As for the third pillar in AB’s sustainability drive, the company is increasing its focus on using resources responsibly. Its sustainability strategy aims to reduce its end-to-end supply chain water and CO2 footprint by 30%, while ensuring all plastic packaging is reusable, recyclable, biodegradable or compostable. “We have a large land footprint where we operate,” says Teague. “We use a lot of water and have factories which obviously emit CO2. One of the things we're always looking to do is make sure we only use what is needed. We make sure we have really substantive conversations about reduction. We're constantly looking at that balance and ensuring that at every point along our supply chain we are looking to reduce that impact. We've done a phenomenal job in each of our factories because that's where we've focused on reducing CO2 and our energy input, as well as how we use water.”

One of the headline-grabbing news stories of recent times involved plastics in the ocean, and AB is keen to outline its efforts to reduce its reliance in this area. “We are a biomass,” says Teague. “We could be used to make plastics, which are obviously more sustainable if you want to call it that, but we also have plastic in our end-to-end supply chain from the cartons and bags we send out. We're looking at how we reduce that down and ensure that all our plastics within our supply chain will be reusable, recyclable, biodegradable and compostable. We have conversations with all our partners around that.”
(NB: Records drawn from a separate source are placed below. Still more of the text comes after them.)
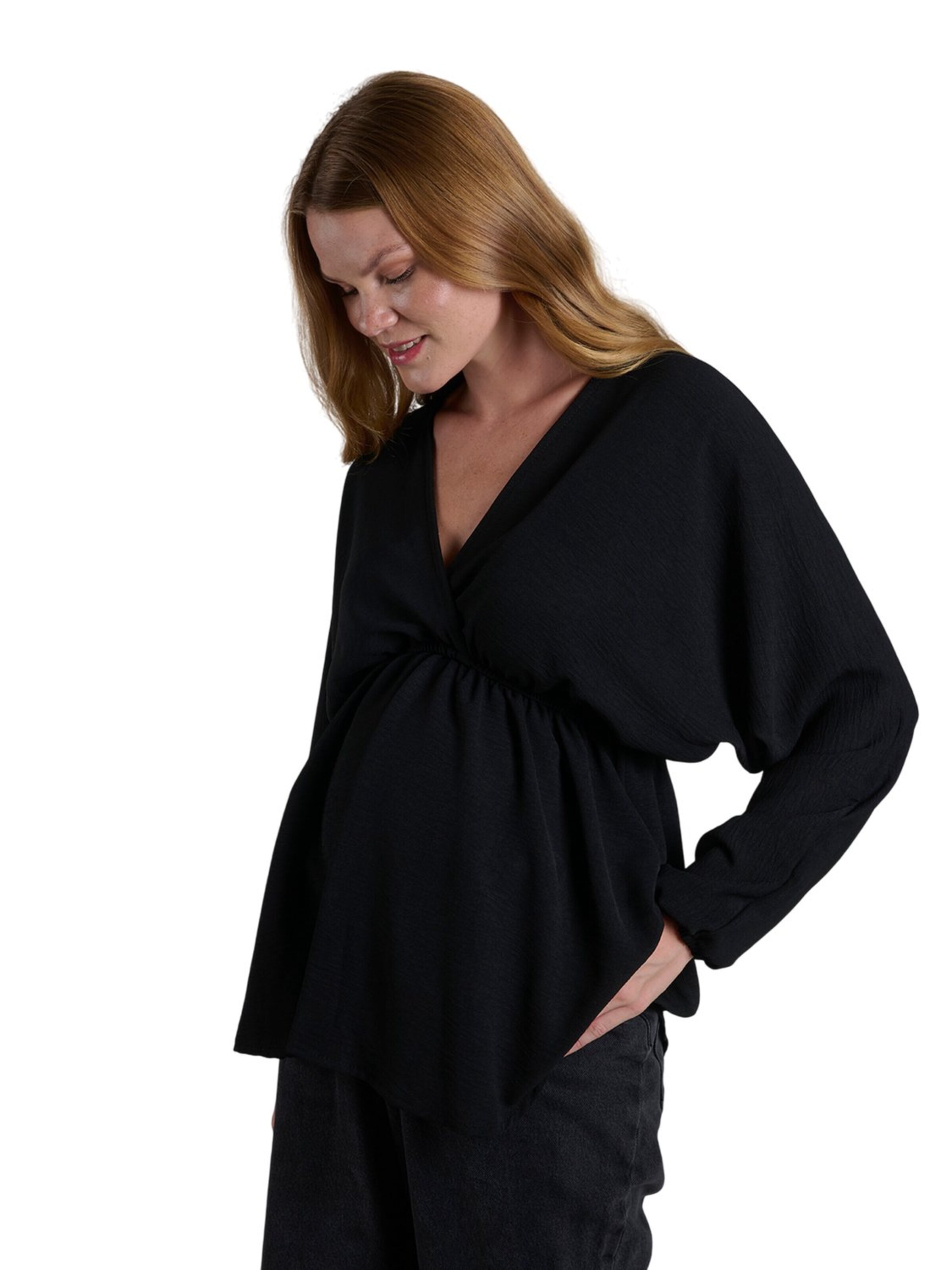 LYN MAMA Bluse in Schwarz: Vorderseite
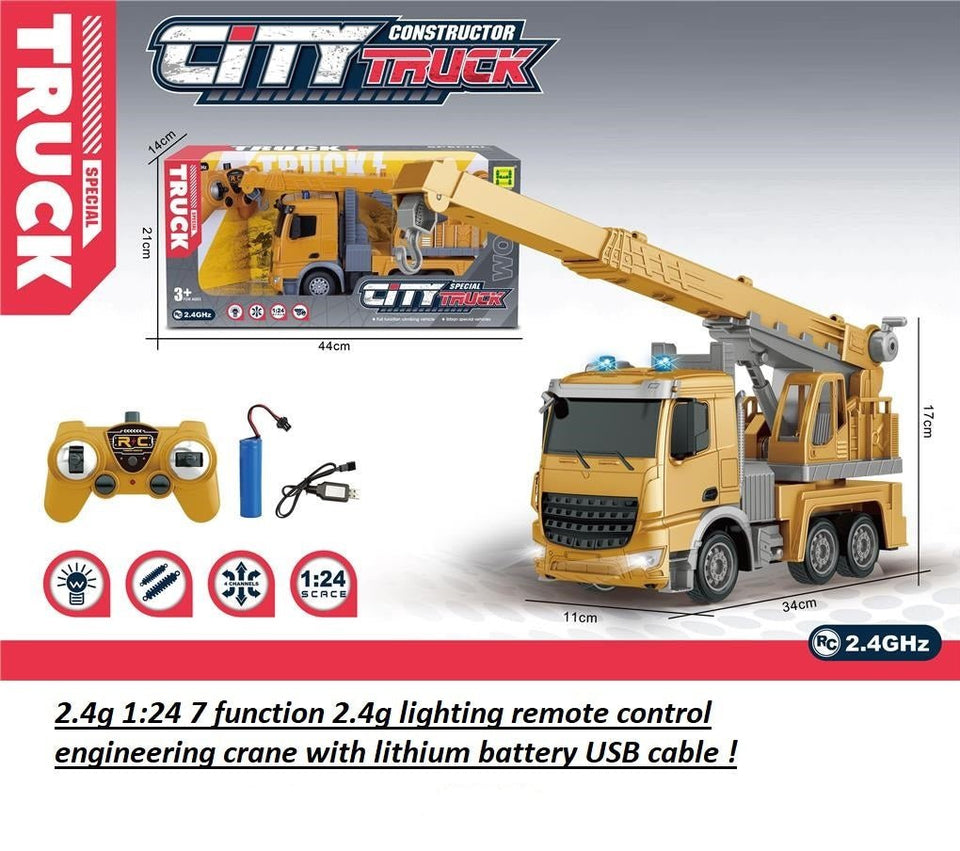 1:24 Rechargeable RC Construction Crane – 2.4G Remote Control Truck with Lights & 7 Functions
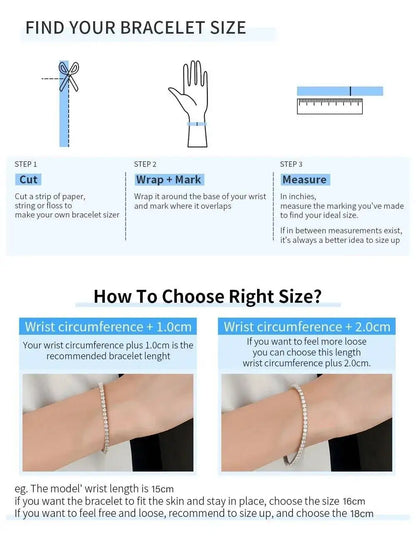 Instructions for finding bracelet size with illustrations and measurements.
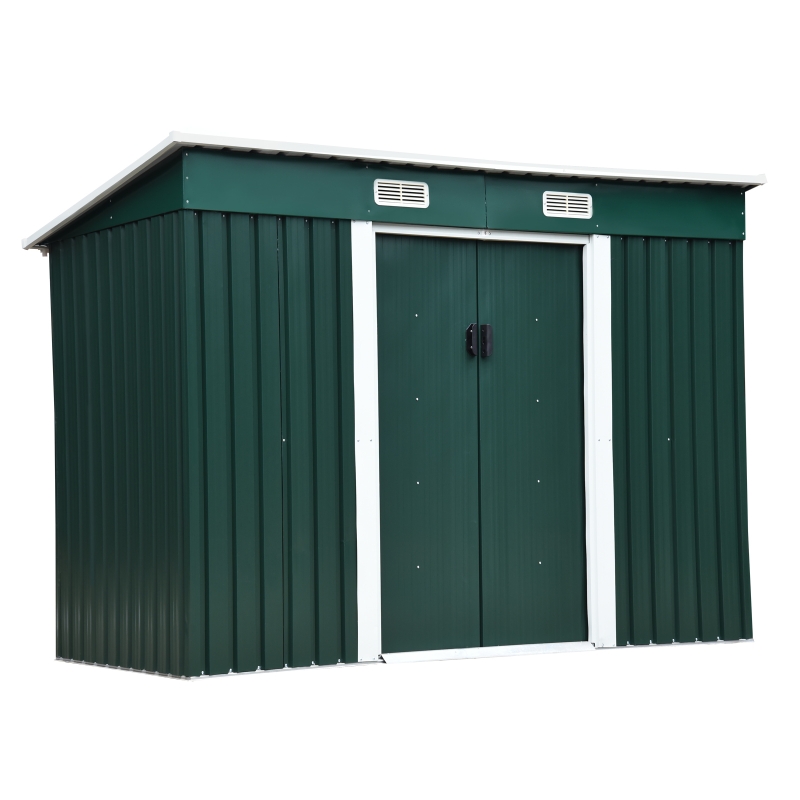 Outsunny Casetta da Giardino Porta Utensili in Lamiera di Acciaio, Capanno da Giardino in Acciaio con Porte Scorrevoli, 255x133x182cm, Verde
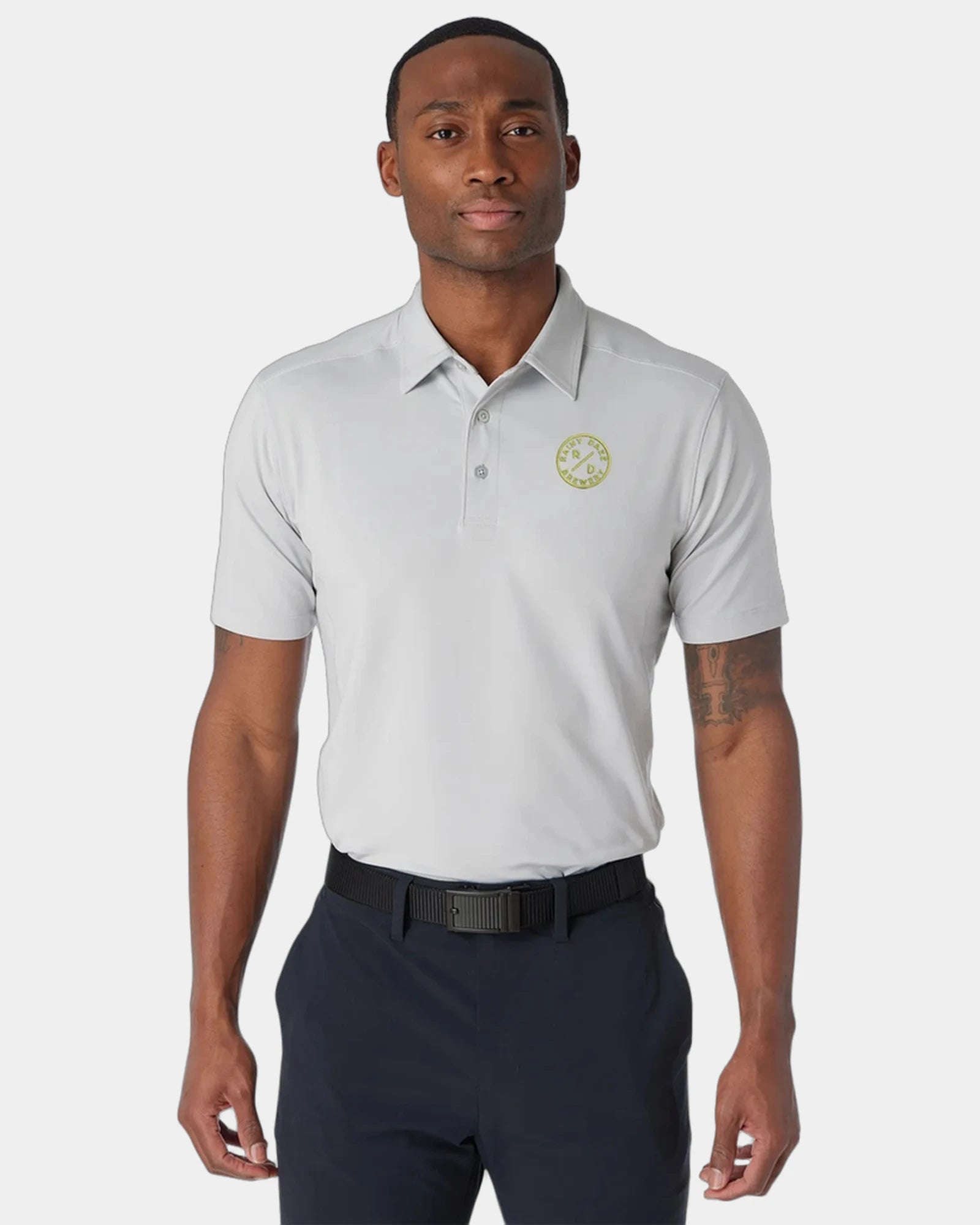 Custom stretch moisture-wicking men's tech polo shirt - Ash Gray (954)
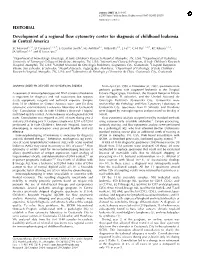 Development of a Regional Flow Cytometry Center for Diagnosis Of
An initiative that Teague enthuses about relates to the company’s activities in Malawi and its innovation ‘in the field’. AB has a performance improvement programme that looks at roughly 1600 projects at any one time and identifies improvements from procurement through to the detail changes in factories. One of the key areas AB is looking at concerns the mapping of data on crop growth and water usage. “We create cane in Illovo both in our own plantation and with our out-growers, whether large or small. The decision we took in Charlo, which is one of our very large operations in Africa, was to look at 17,000 hectares of our estate before creating satellite-based data to deliver biweekly information and data that can then be delivered through a remote cane management website and system. This mapping improves agricultural productivity and gives agronomic support to those in the field. This new system also helps us support our irrigation management, getting water to the right place at the right time. Irrigation and the use of water in sub-Saharan Africa is obviously key. There is a lot less of it, but we still need water, so we need to be conscious of how we use it. That's another example of where we're using technology to really change our boundaries and our thinking about our business.”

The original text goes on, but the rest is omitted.